The course only strengthened their resolve to create children’s programming around equity, diversity, and inclusion (EDI). What resulted was the Kids’ Club for Social Justice (KCSJ), a monthly Zoom meeting with children in grades K–5 and their families to discuss social justice and hot-button issues. Since starting in September 2020, the program has tackled topics such as racism, gender identity, Thanksgiving myths, climate change, and food insecurity.

“Kids just want to know more,” said Pierce, who noted that the children who show up to KCSJ meetings may do so because they feel awkward or intimidated asking questions about these topics at school. Zoom might even be a boon, she observed: “The distance works when we’re talking about tough topics.”

Before she and Henderson dove in as facilitators, they made sure to draft a proposal, secure support from their administrators, and do their homework. “When starting any kind of new program, especially when starting a program as sensitive as [this one], ask permission, not forgiveness,” said Henderson. “If your library or system has a specific protocol for programming, follow the procedure in place.”

Pierce stresses how important it is to research each month’s topic—she does three to five hours for each program—and rehearse what you’re going to say. “Leaders need a baseline level of knowledge to facilitate this type of program,” she said.
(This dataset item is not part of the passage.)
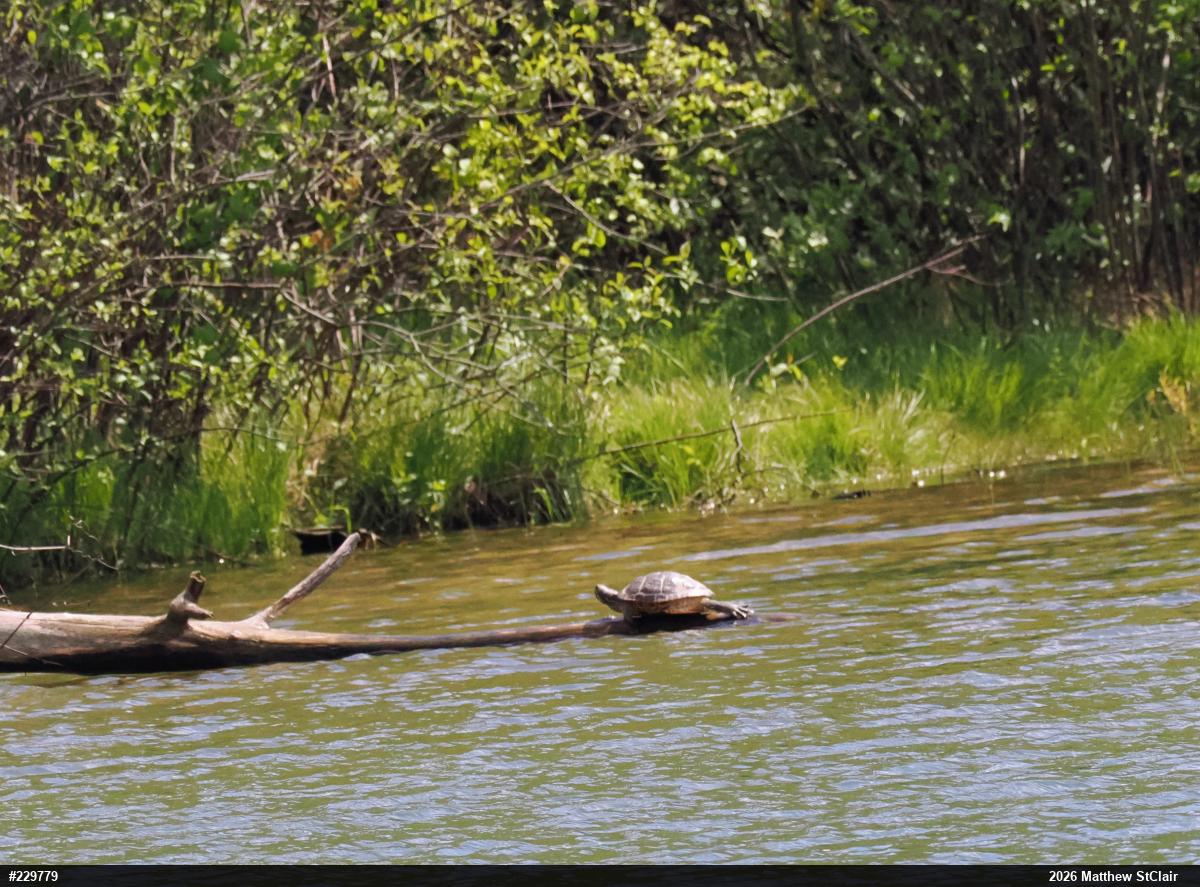 Pond Slider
To keep kids engaged, she uses a variety of icebreakers, picture books, quizzes, giveaways, and questions. “Interactive is in all caps,” said Pierce. “I needed something that was besides just me talking.”

CCPL advertised the program through press releases, newsletters, social media posts, and its online calendar. Getting the public information office involved early with promoting the program was a tactical move: “Public reaction to this type of program can be varied,” said Henderson.

Thankfully, the positive feedback has outweighed the bad. Twenty children and their families showed up to the first KCSJ meeting on racism, and the monthly program regularly attracts 8–10 children and their families. “We received thank-you messages,” said Henderson, “and a letter of support from a local progressive church.” Still, the program wasn’t without its detractors. “Be aware that not everyone in your community will be supportive,” she said.

For those looking to add children’s EDI programming to their library’s offerings, Pierce and Henderson reminded viewers that social justice can look like a lot of things: inclusive displays, diverse collections and storytimes, going fine-free, and eliminating all types of barriers. They also encouraged libraries to take meaningful steps toward social justice even if it makes staffers or community members uncomfortable.

“Ignoring these problems is no longer an option,” said Pierce. “We can do hard things—let’s do them!”